TASK DESCRIPTION:
Without the pictures, give the listing below again exactly.

GIVEN DATA:
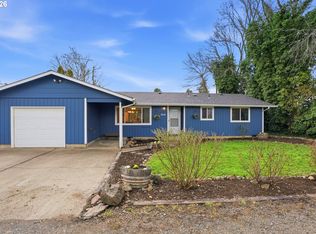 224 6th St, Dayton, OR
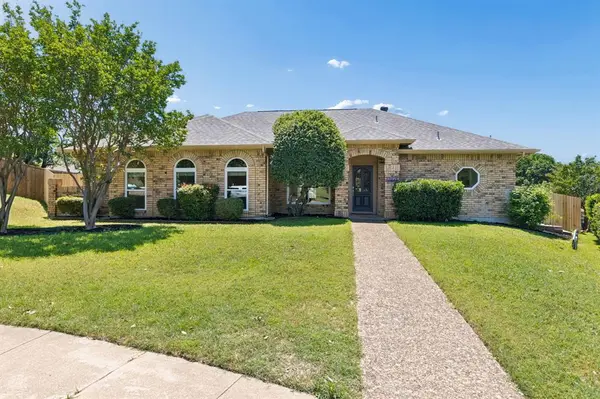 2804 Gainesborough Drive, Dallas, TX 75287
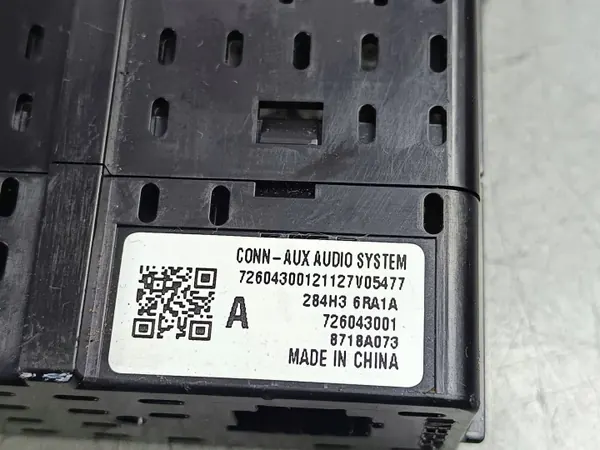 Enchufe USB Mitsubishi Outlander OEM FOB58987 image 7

RESULT:
 224 6th St, Dayton, OR
 2804 Gainesborough Drive, Dallas, TX 75287
 Enchufe USB Mitsubishi Outlander OEM FOB58987 image 7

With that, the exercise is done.